L’ancien député a également regretté le manque de communication du gouvernement actuel, estimant que cette faiblesse altère la relation de confiance entre les citoyens et les institutions. Il a dénoncé la tolérance à l’égard des conflits d’intérêts et appelé la presse publique à jouer pleinement son rôle de contre-pouvoir, en rappelant que “la lutte contre la corruption ne peut se limiter à des slogans, elle exige l’application rigoureuse de la loi”.
Se définissant comme un “gauche modéré et réformiste réaliste”, Omar Balafrej a réaffirmé son attachement à la monarchie parlementaire, qu’il considère comme la meilleure garantie de stabilité et d’unité nationale. “Que ceux qui rêvent de république y croient, mais pour ma part, je crois en la monarchie parlementaire, pilier de notre cohésion et de notre équilibre”, a-t-il déclaré.
S’adressant à la jeunesse de “Génération Z”, il les a invités à s’organiser politiquement et à transformer leur engagement citoyen en action structurée : “Si vous parvenez à faire entendre votre voix et à porter vos revendications, pourquoi ne pas penser à créer un parti ? Vous faites déjà de la politique, que vous le vouliez ou non.” Pour Balafrej, le Maroc a besoin de “véritables patriotes, de femmes et d’hommes intègres œuvrant de l’intérieur pour le bien du pays”.
Ému, il a salué la maturité du mouvement pour avoir suspendu son action de protestation “par respect pour les institutions”, soulignant que ce geste “témoigne d’une conscience politique admirable”. “Vous m’avez redonné espoir, leur a-t-il confié.
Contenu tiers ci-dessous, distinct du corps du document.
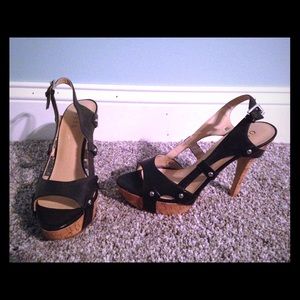 Guess studded black heel with cork heel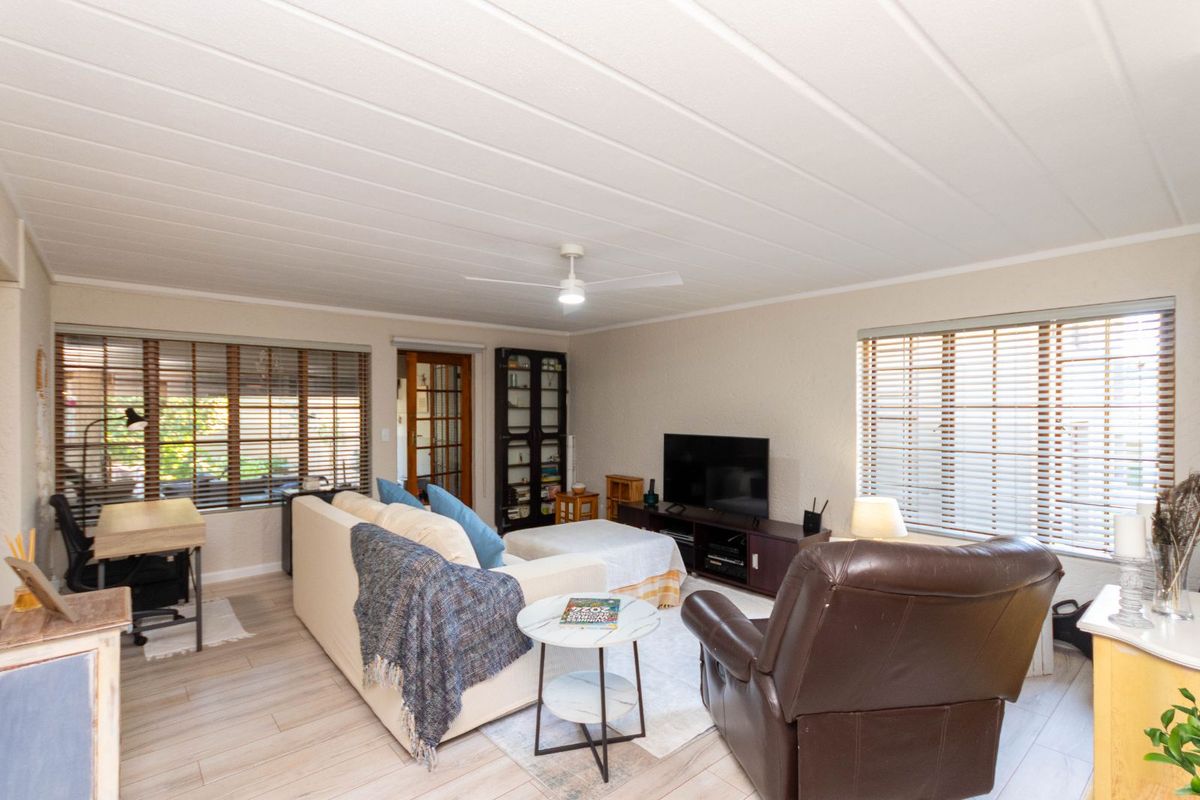 House For Sale in Paulshof - Photo 5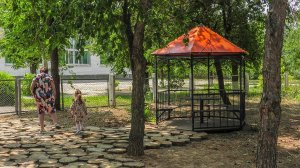 Сквер Школьный продолжает обустраиваться
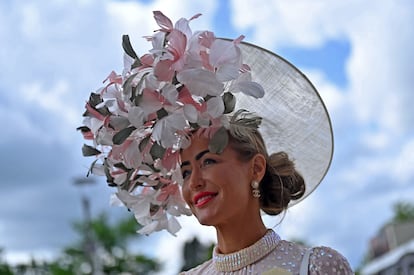 Otro de los arreglos florales lucido por una de las asistentes a Royal Ascot. 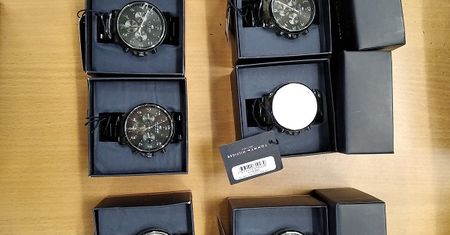 Podrabiane zegarki i biżuteria wielkiej wartości w paczkach z Chin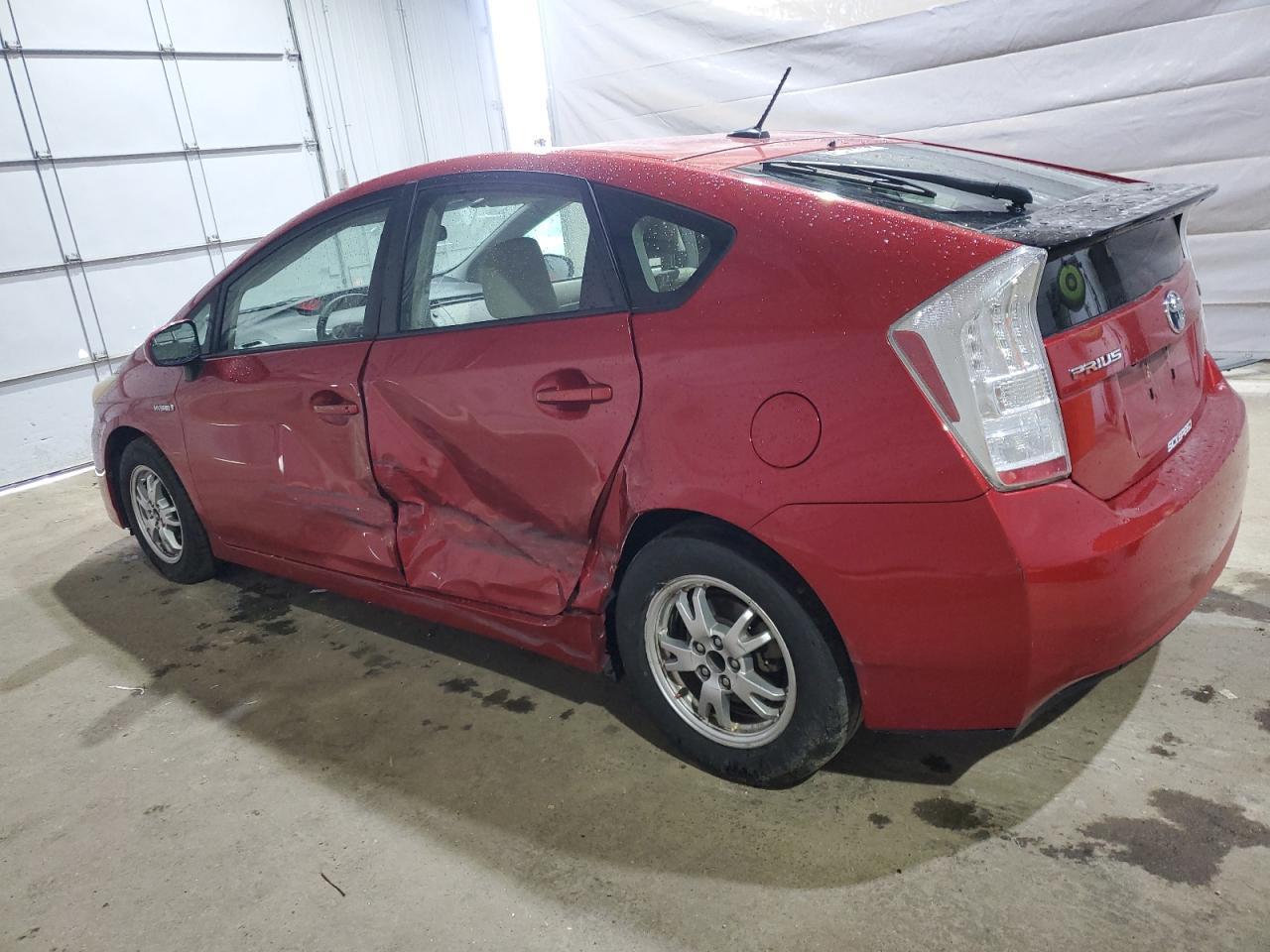 2010 Toyota Prius - Фото 2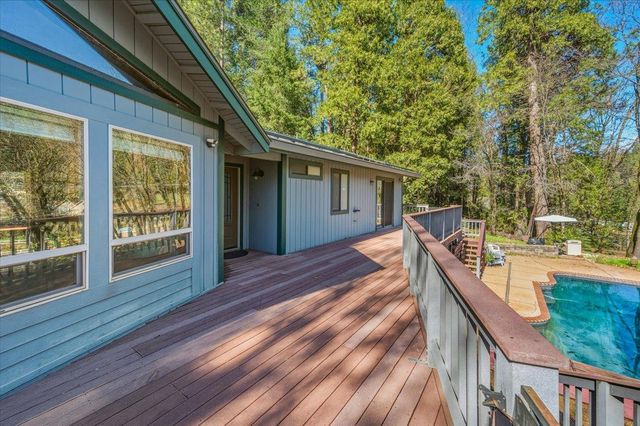 16243 Behr Mountain Rd, Grass Valley, CA 95945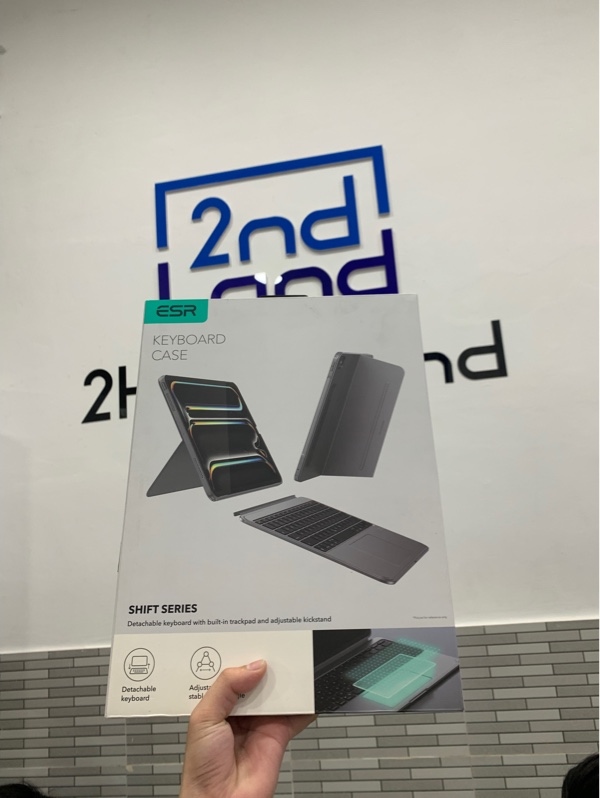 Bao da ESR Keyboard Case - For iPad Pro M5 (2025), M4(2025) - Màu đen - Newseal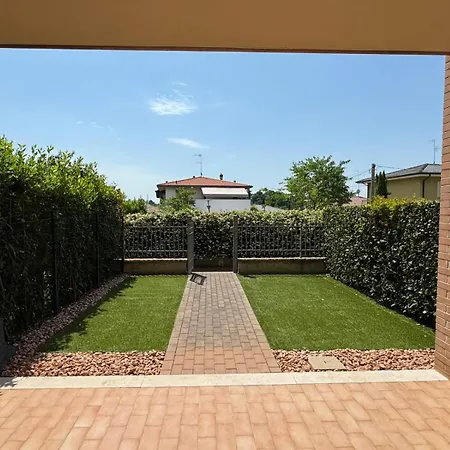 شقة Camilla's Place - With Pool And Garden بسكييرا ديل غاردا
Le Maroc est une terre fertile, pleine de potentiel, et je reste disponible, convaincu que l’intelligence collective est la clé du progrès.”
En conclusion, Omar Balafrej s’est dit optimiste pour l’année 2026, tout en attendant “des signaux clairs” pour confirmer cet espoir. Il a rappelé que les discours royaux à l’ouverture du Parlement “portent toujours une vision et une inspiration pour le pays”. Ce dialogue sincère entre une figure politique d’expérience et une jeunesse en quête de sens aura marqué un moment fort de réflexion collective sur l’avenir du Maroc, entre fidélité à la monarchie, exigence démocratique et aspiration à une véritable justice sociale.